### What the task requires
Output the lines from the one holding "Gala de Hispania" to the end of the entries that follow, exactly and only those, minus any pictures.

### Dataset records
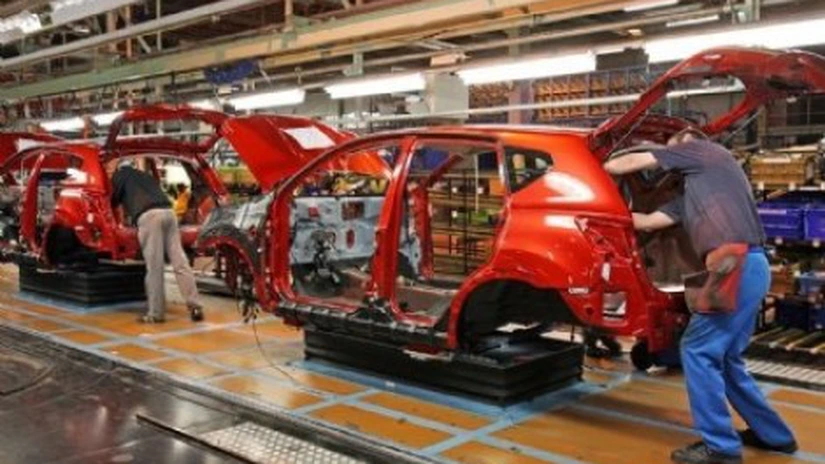 Nissan mută o parte din producția Qashqai din Marea Britanie în Rusia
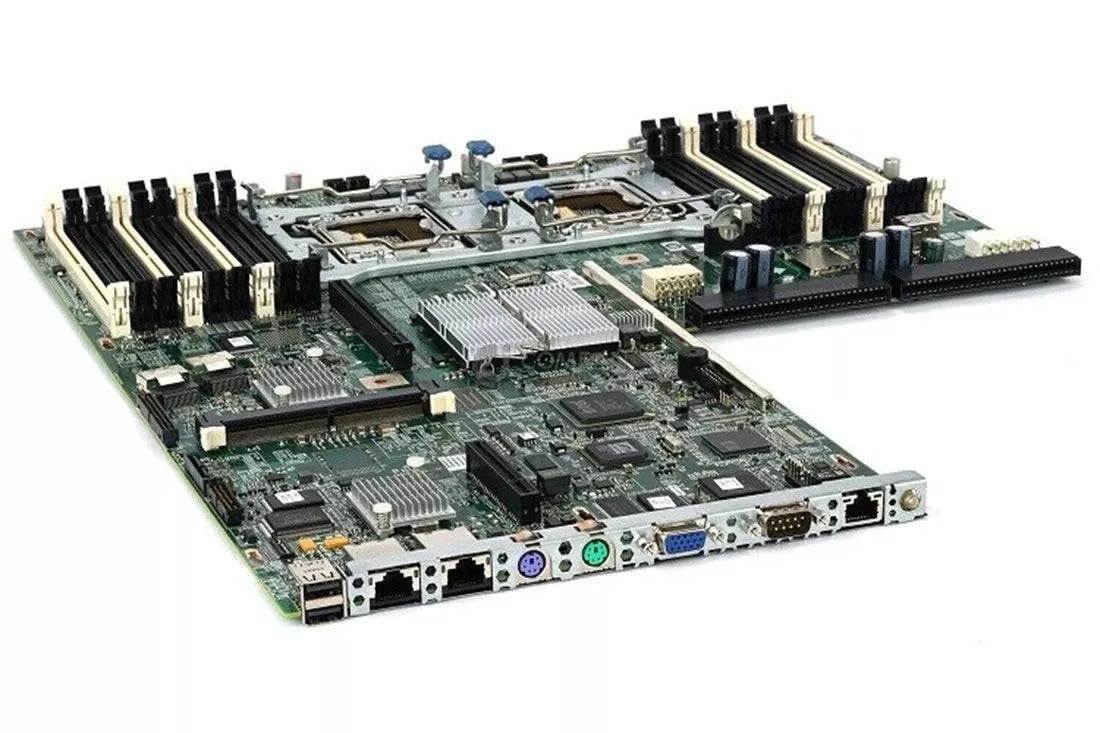 HPE 591545-001 System Board For Proliant DL360 G7 Server.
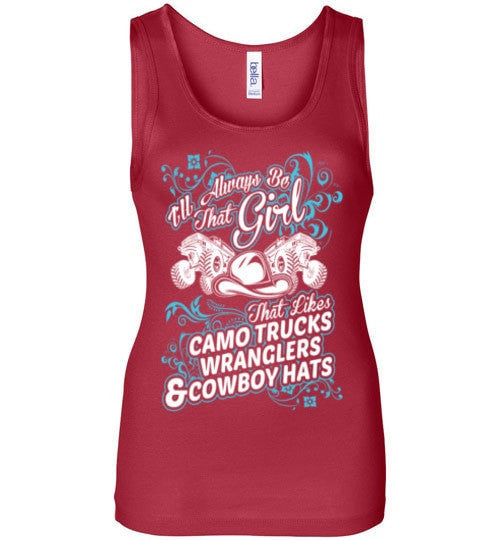 I WILL ALWAYS BE A COWGIRL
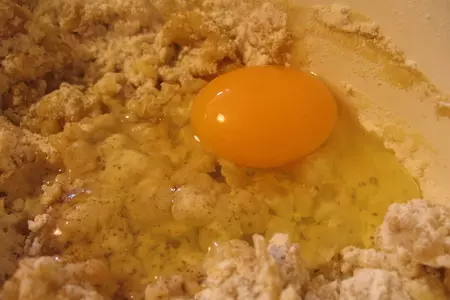 Пряничные человечки: шаг 5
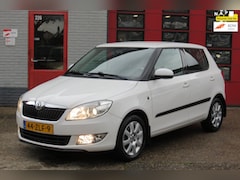 Skoda Fabia - 1.2 TSI Elegance , AUTOMAAT , NWE APK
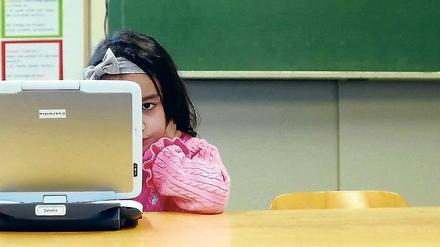 Die Schüler bekommen vom IT-Chaos nichts mit. Das betrifft vor allem die Schulleiter - und die Steuerzahler. 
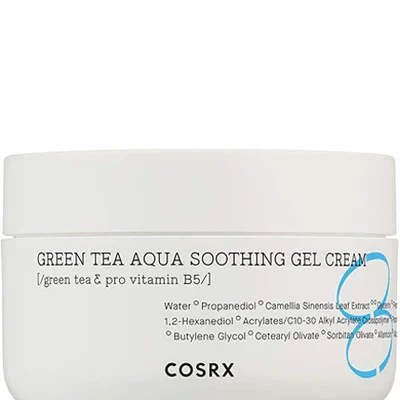 Hydrium Green Tea Aqua Soothing Gel Cream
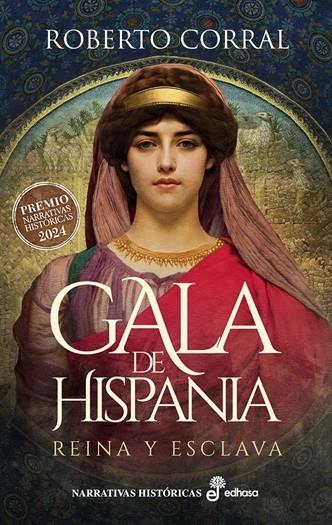 Gala de Hispania | 9788435064569 | Corral, Roberto | Librería online de Figueres / Empordà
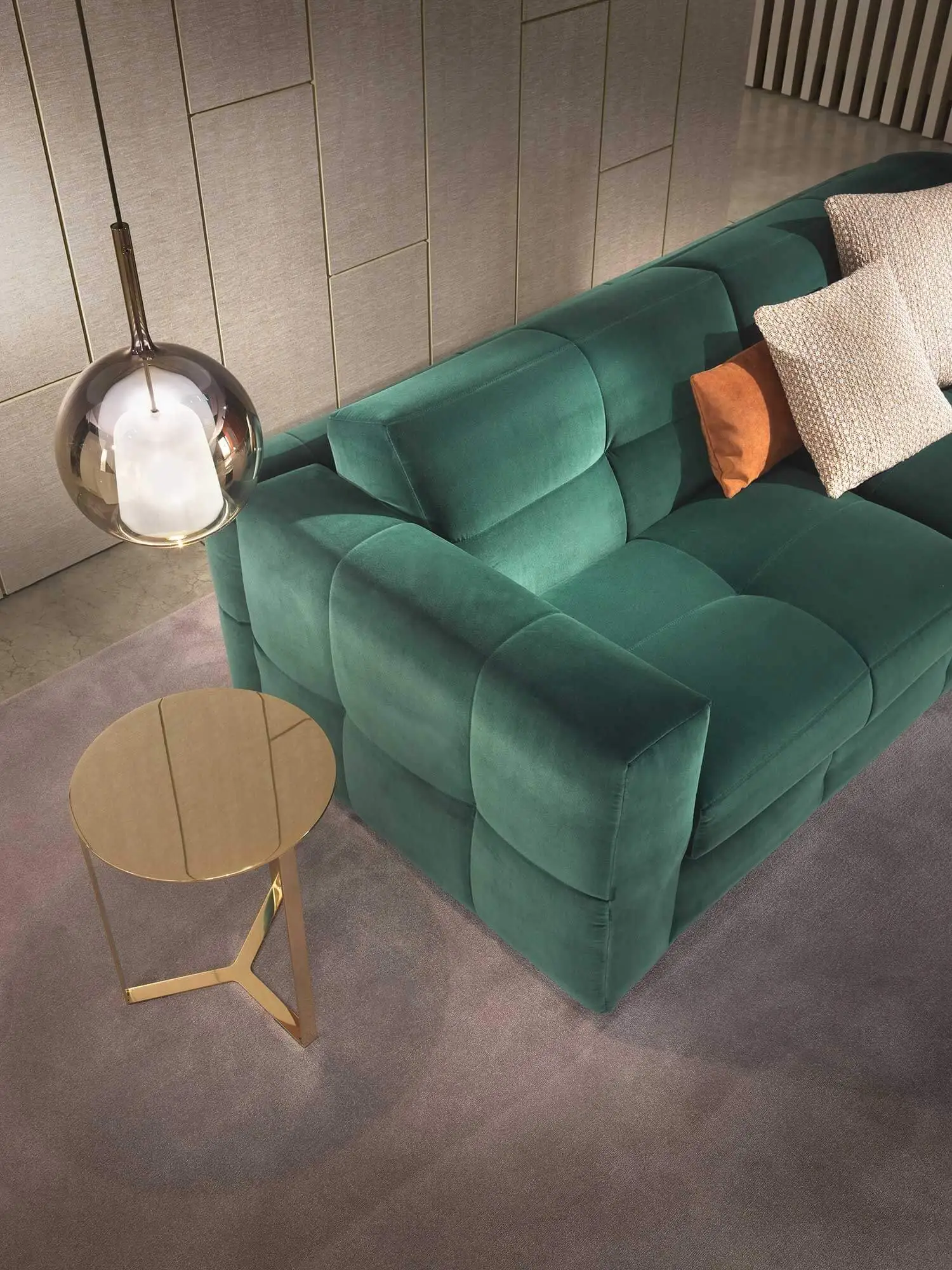 Lomacasa Marelli Lucas 沙發 床 畫廊 1-1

### Your response
 Gala de Hispania | 9788435064569 | Corral, Roberto | Librería online de Figueres / Empordà
 Lomacasa Marelli Lucas 沙發 床 畫廊 1-1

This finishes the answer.